Linksruck bei Wahl in Dänemark

Kopenhagen (anw/RP) Dänemark steht offenbar vor einem Machtwechsel. Bei der Parlamentswahl zeichnete sich gestern Abend ein Sieg der Oppositionsparteien ab. Nach ersten Ergebnissen könnten die Sozialdemokraten mit ihrer Spitzenkandidatin Helle Thorning-Schmidt und ihre Partner bis zu 92 Sitze im Kopenhagener Parlament, dem Folketing, bekommen. Der bislang regierende Mitte-Rechts-Block käme demnach auf 86 oder 87 Abgeordnete im 179 Sitze umfassenden Parlament.

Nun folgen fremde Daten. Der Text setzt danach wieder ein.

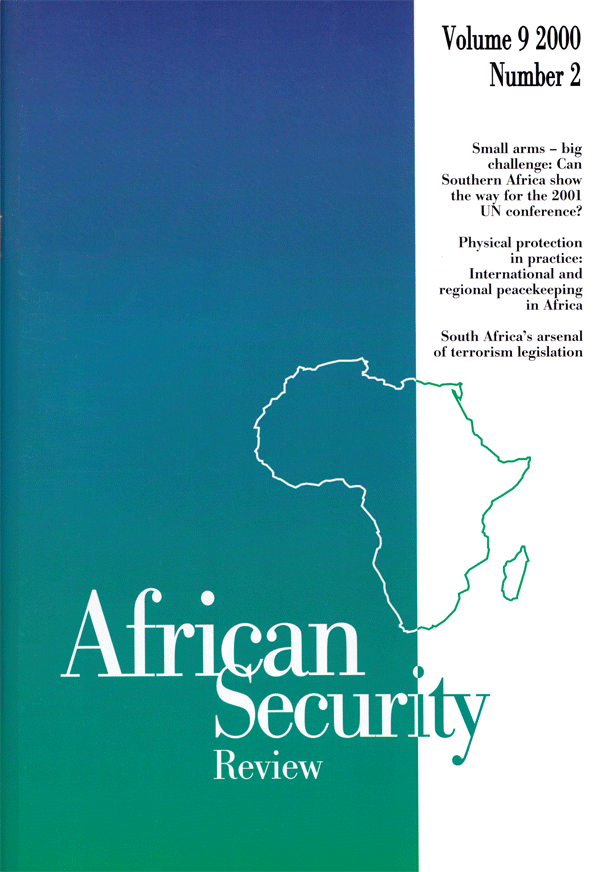 African Security Review, vol. 9, no. 2, 2000, p. 27-38;
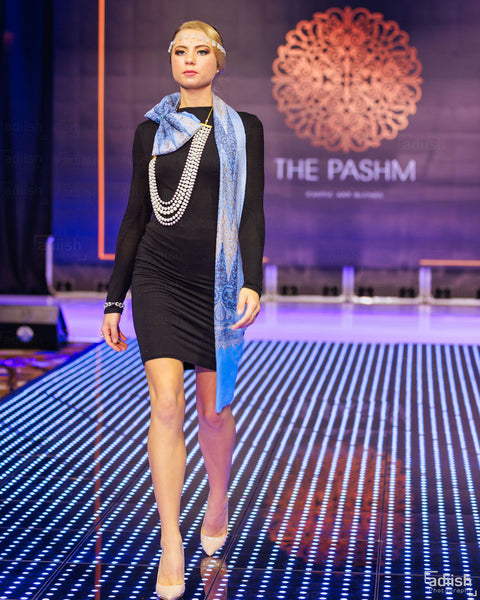 Periwinkle Blue Embroidered Shawl - The Pashm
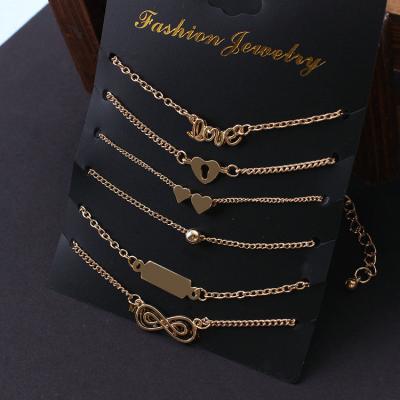 China Wholesale Hiphop Fashion Design New Gold Plated Anklet Love Heart Foot Chain Infinity Chain Anklets Set For Women for sale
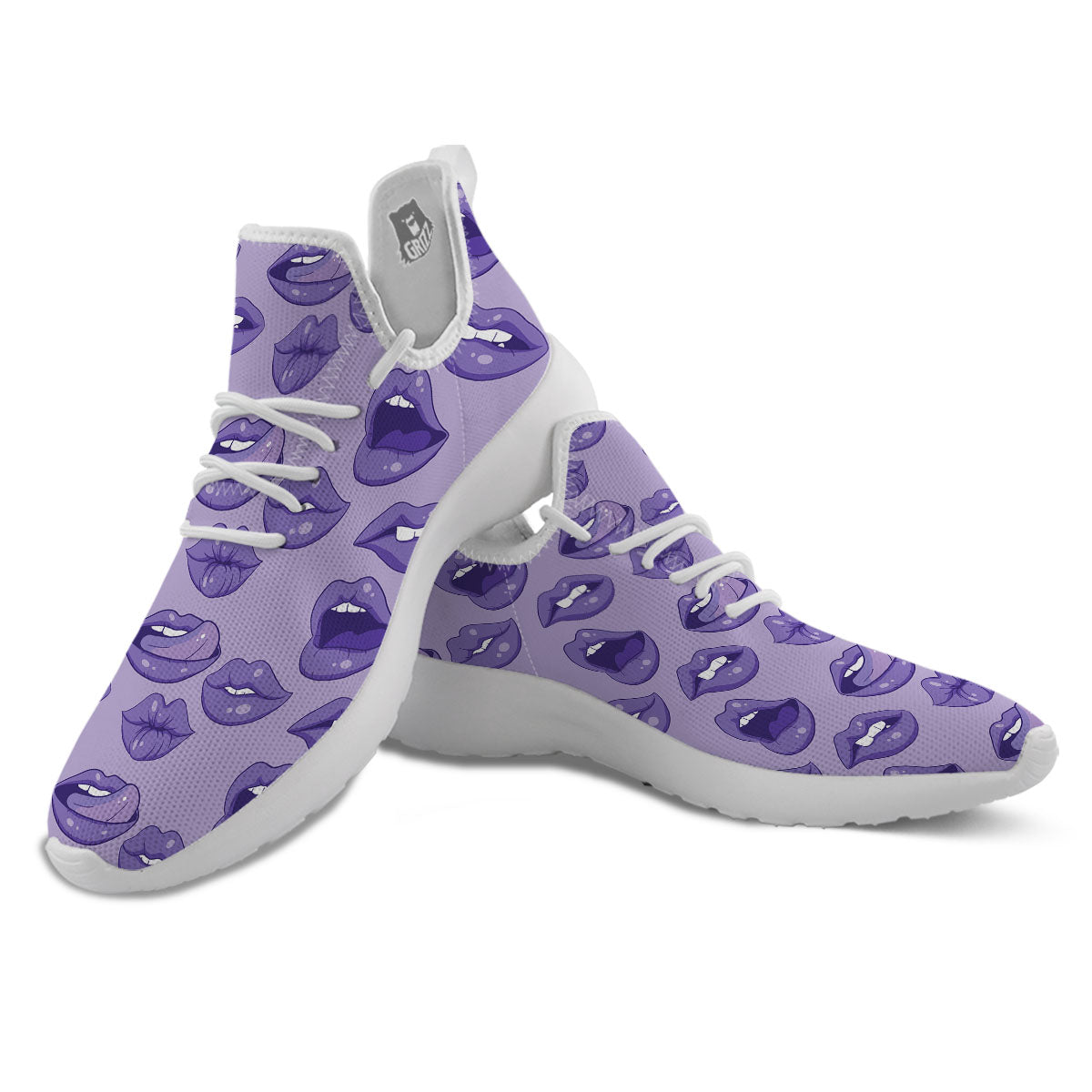 Lips Purple Print Pattern White Athletic Shoes-grizzshop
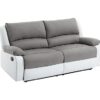 Canapé de Relaxation 3 Places Blanc/Gris Canapé de Relaxation 3 Places Blanc/Gris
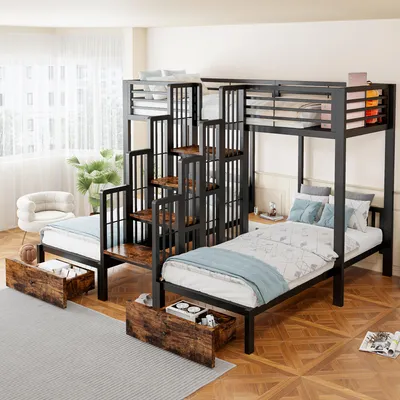 Image de Lit superposé Flieks 90x200 cm avec escalier, lit en hauteur avec barrières de sécurité et structure en acier, lit pour enfant avec tiroirs, noir, bois et métal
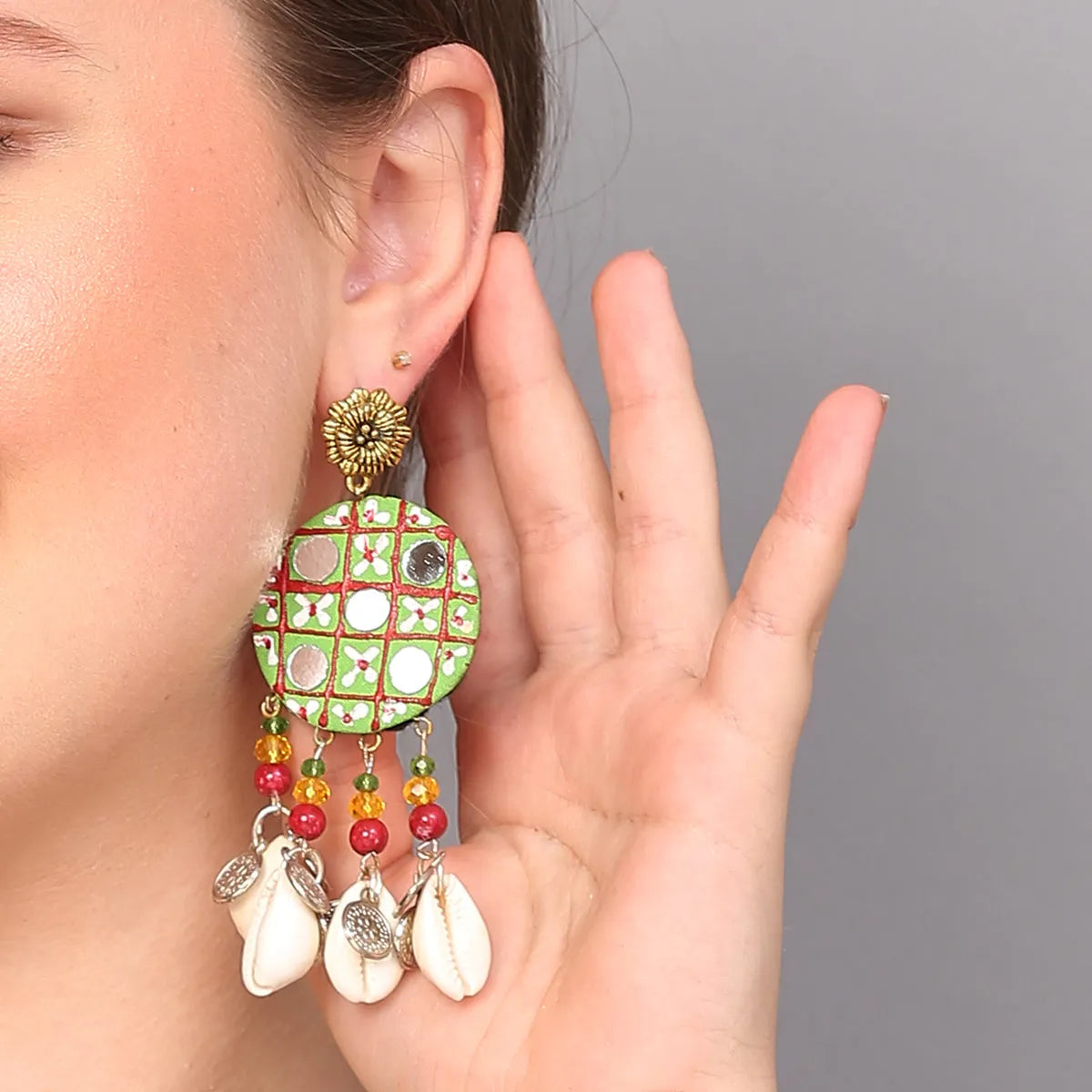 Olive Traditional Multi Color Hand Painted Drop (Earrings) HP-ER-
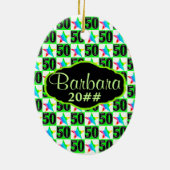 第50星とすごい日付パーソナライズされた付きオーナメント セラミックオーナメント (裏面)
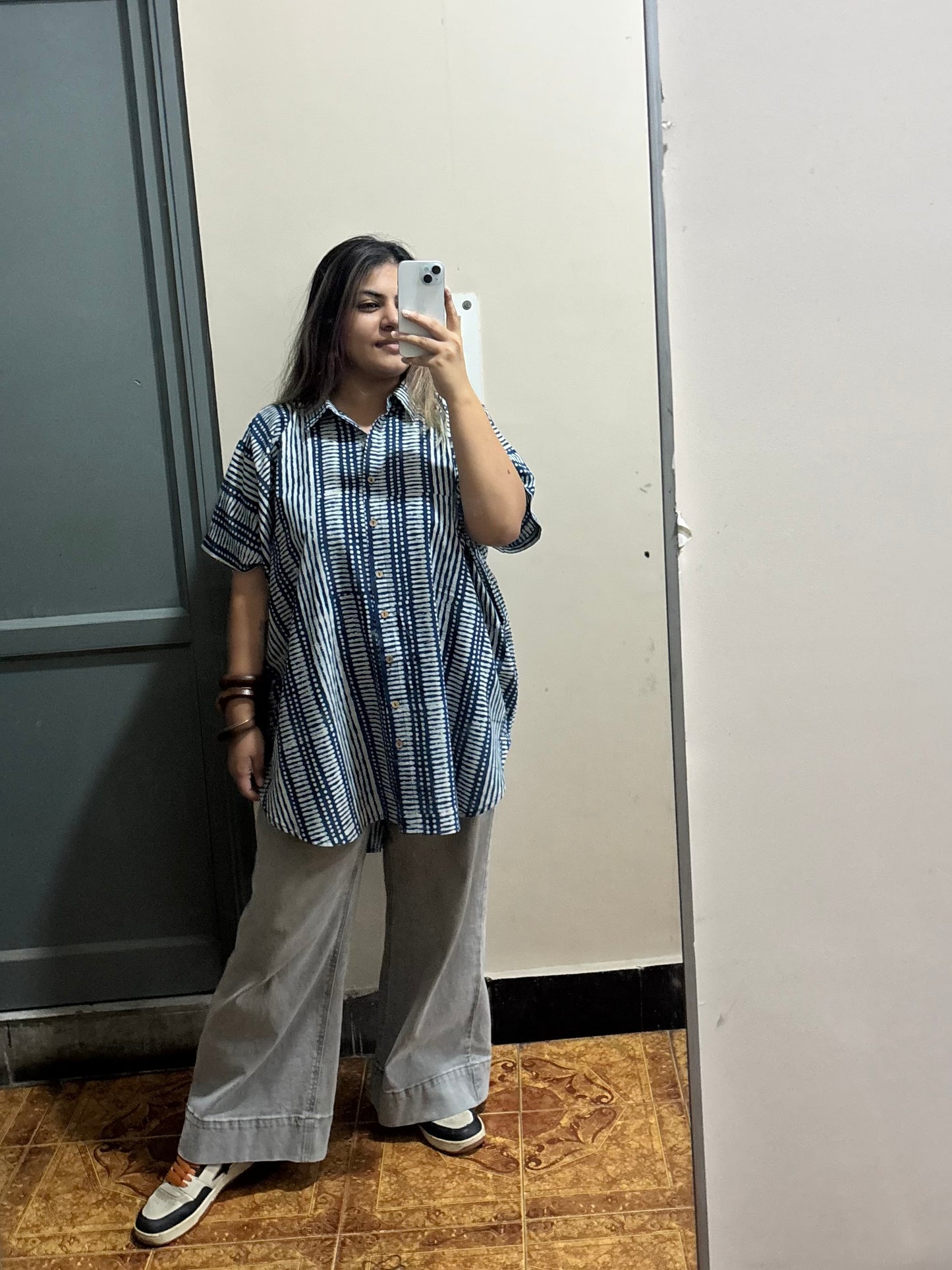 Indigo Dabu Cotton High Low Shirt Kaftan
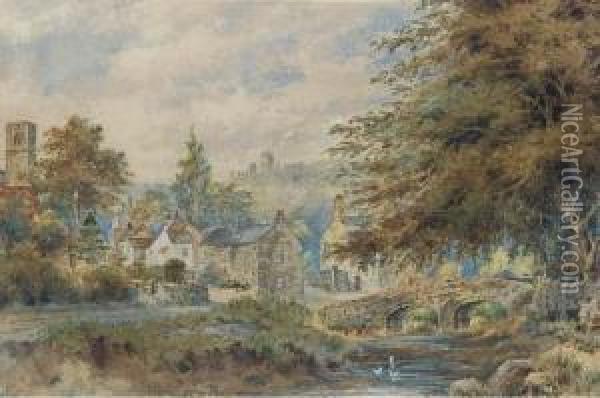 A Village Hamlet Below Castle Ruins Oil Painting - Robert Wood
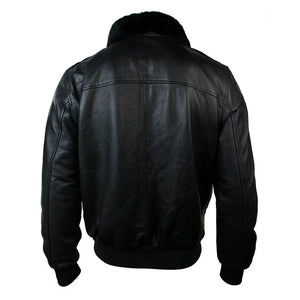 Giacca Nera o Marrone da Uomo Bomber in Vera Pelle e Colletto in Pelliccia - Nero - Infinity Leather - 5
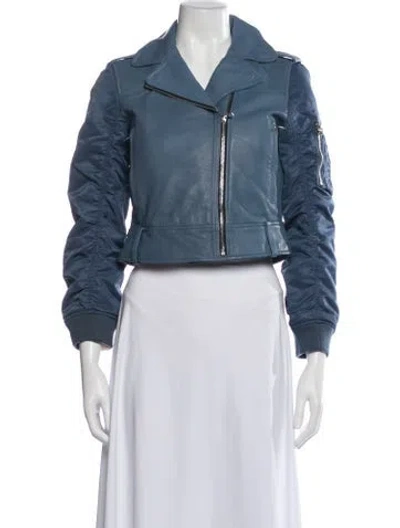 Pre-owned Sandro Goat Leather Biker Jacket In Blue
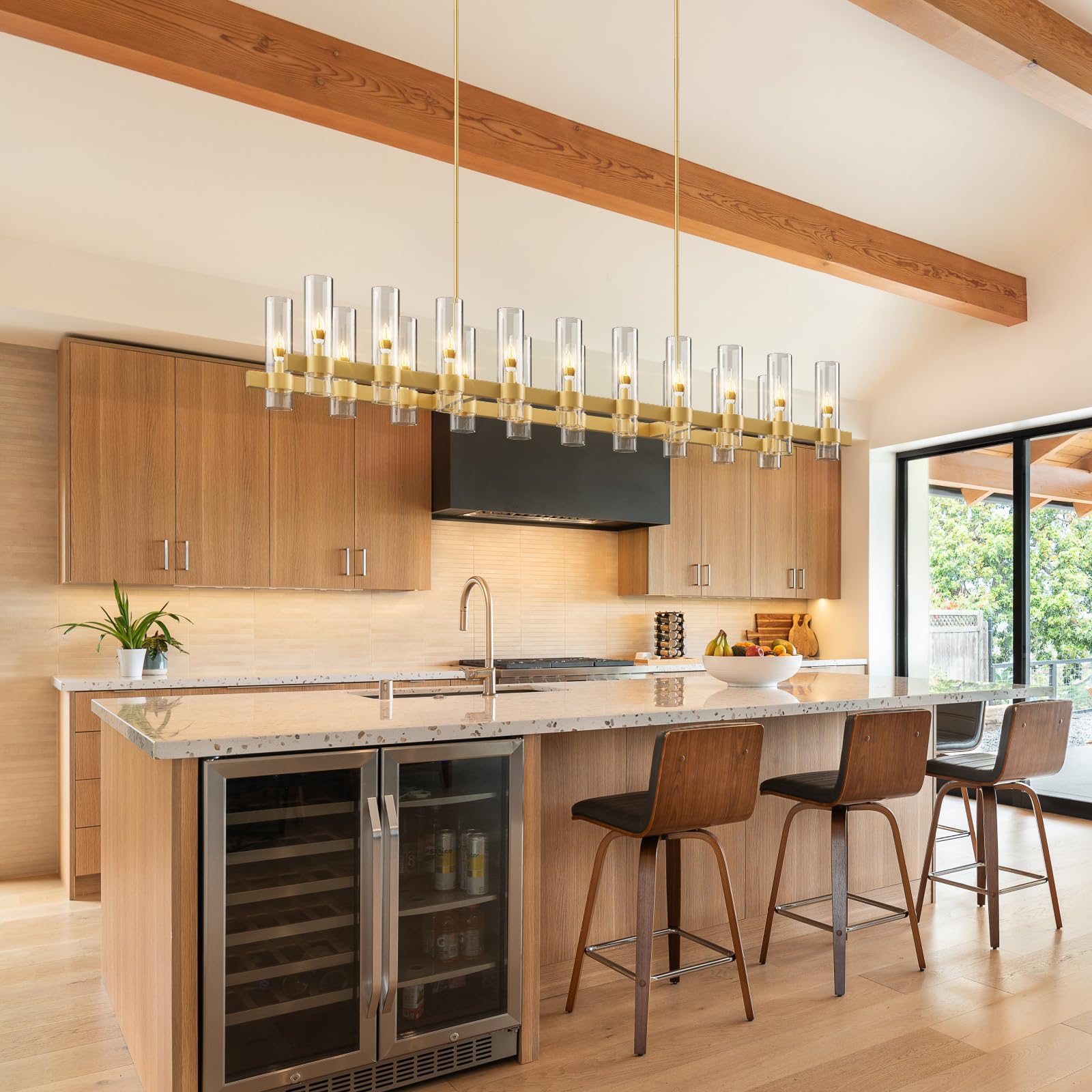 Yiosi Brass Kitchen Island Lighting-20-Light Linear Chandelier, Adjustable 67.7'' Modern Farmhouse Rectangle Pendant Light Fixtu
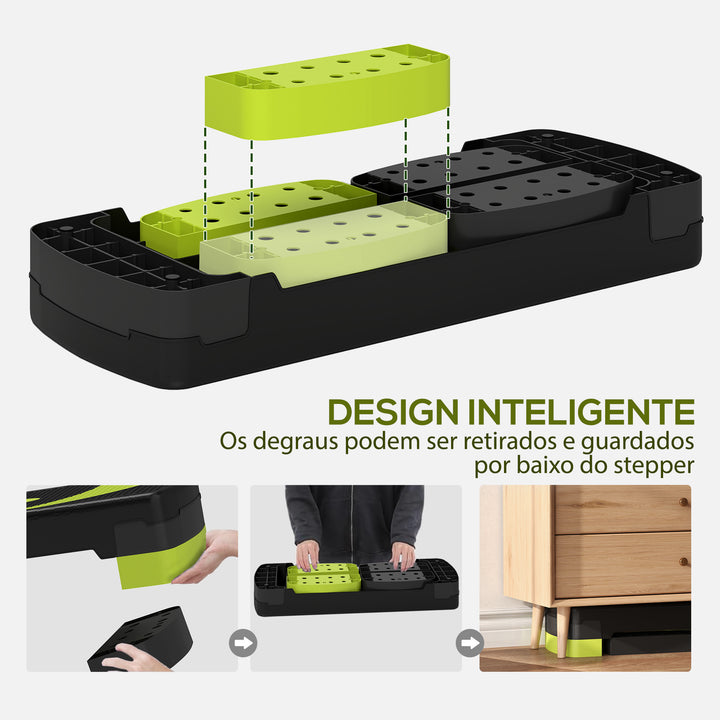 Step para Exercício Aeróbico Plataforma Step com Altura Ajustável em 3 Níveis com Carga Máxima 150kg para Exercício em Academia Casa 80x31x10-20 cm Verde e Preto
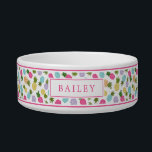 Stylish Modern Pineapple Pattern | Color Bowl<br><div class="desc">My daughter became obsessed with pineapples recently,  and the obsession kind of grew on me... so some fun pineapple designs and patterns were born! This stylish pet feeding bowl features a colorful pineapple pattern and a template for your furry friend's name!</div>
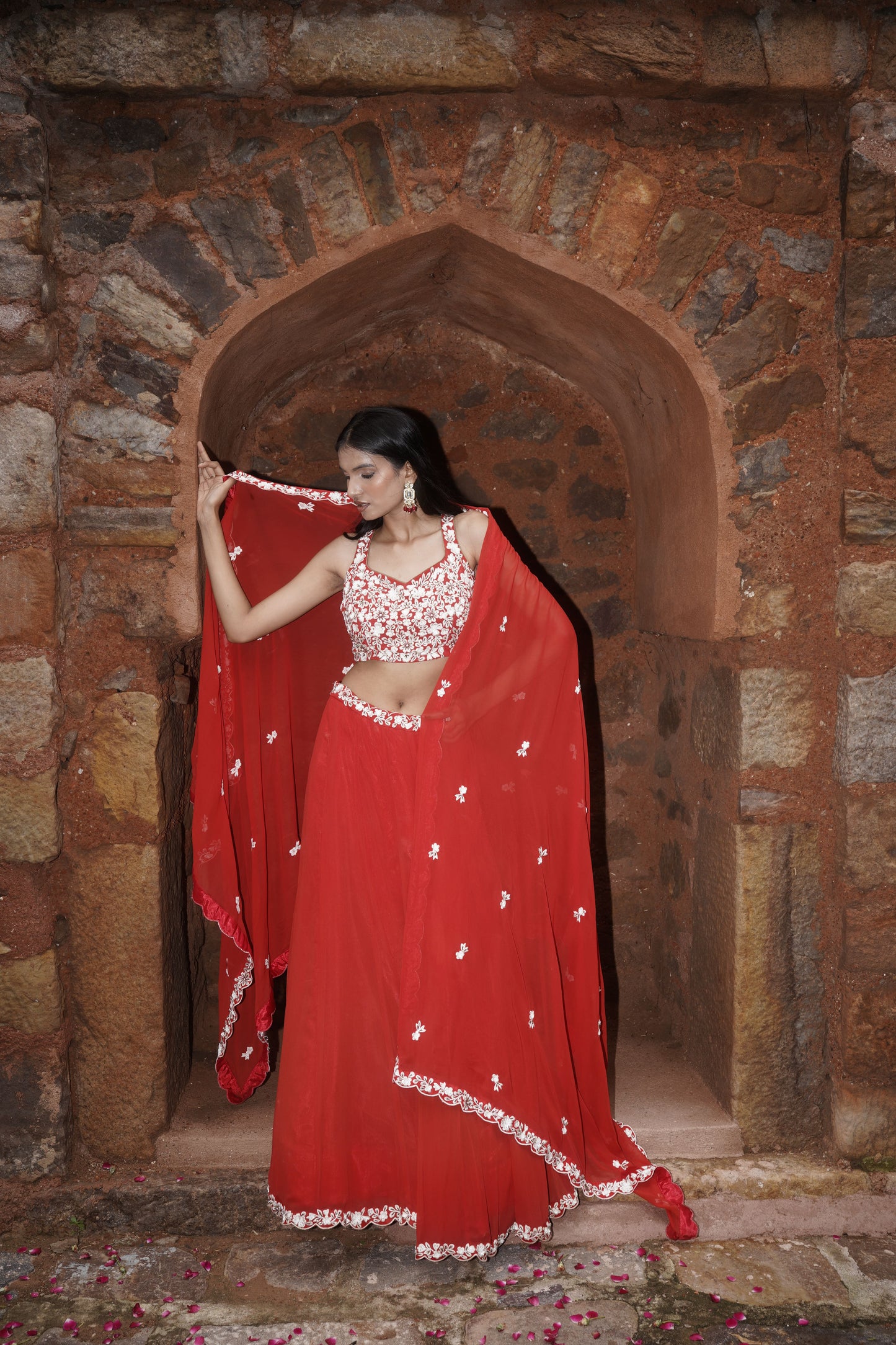 Red Georgette Resham Embroidered Lehenga Set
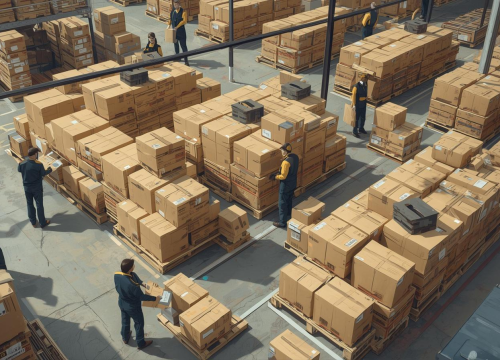 Staff repacking orders due to warehouse errors.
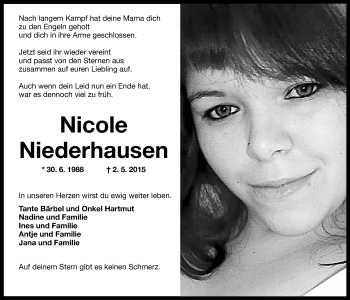 Traueranzeige von Nicole Niederhausen von Wilhelmshavener Zeitung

Damit dürften nach zehn Jahren der wirtschaftlichen Liberalisierung und der Verschärfung der Ausländergesetze die Tage der von den Rechtspopulisten gestützten Minderheitsregierung von Ministerpräsident Lars Løkke Rasmussen gezählt sein. Thorning-Schmidt hat nun gute Chancen, erste Regierungschefin des Landes zu werden.

Rasmussen hatte im Wahlkampf argumentiert, seine Regierung habe das Land erfolgreich durch die Finanzkrise gesteuert. Das linke Lager werde bei einem Wahlsieg die Reformen rückgängig machen. Thorning-Schmidt hatte dem Regierungschef im Gegenzug vorgeworfen, das Land höher verschuldet zu haben. "Dänemark braucht den Wandel, Dänemark braucht Bewegung, und Dänemark braucht meine Führungskraft", hatte Thorning-Schmidt gesagt.

Weil es nicht zur Euro-Zone gehört, sind Dänemark die Turbulenzen der Finanzkrise um Griechenland erspart geblieben. Jedoch haben auch dänische Banken Probleme, und die Wirtschaftskrise hat die einstigen Haushaltsüberschüsse in Defizite verwandelt. Im kommenden Jahr dürfte der Fehlbetrag auf 4,6 Prozent der gesamten Wirtschaftsleistung steigen.

Sollte Rasmussen abgewählt werden, würde eine 19 Jahre währende Ära enden, in der das Land einen Regierungschef dieses Namens hatte. Der Amtsinhaber sowie seine unmittelbaren Vorgänger Poul Nyrup Rasmussen und Anders Fogh Rasmussen sind nicht miteinander verwandt. Ihr Name kommt in Dänemark jedoch recht häufig vor.

Thorning-Schmidt ist die Schwiegertochter des früheren britischen Labour-Chefs und späteren EU-Kommissars Neil Kinnock. Ihre potenziellen Bündnispartner sind Sozialisten und Linksliberale. Sollten der erst 1993 der Arbeiterpartei beigetretenen Spitzenkandidatin die Koalitionsgespräche dagegen nicht glücken, gilt ihr Abgang als unausweichlich.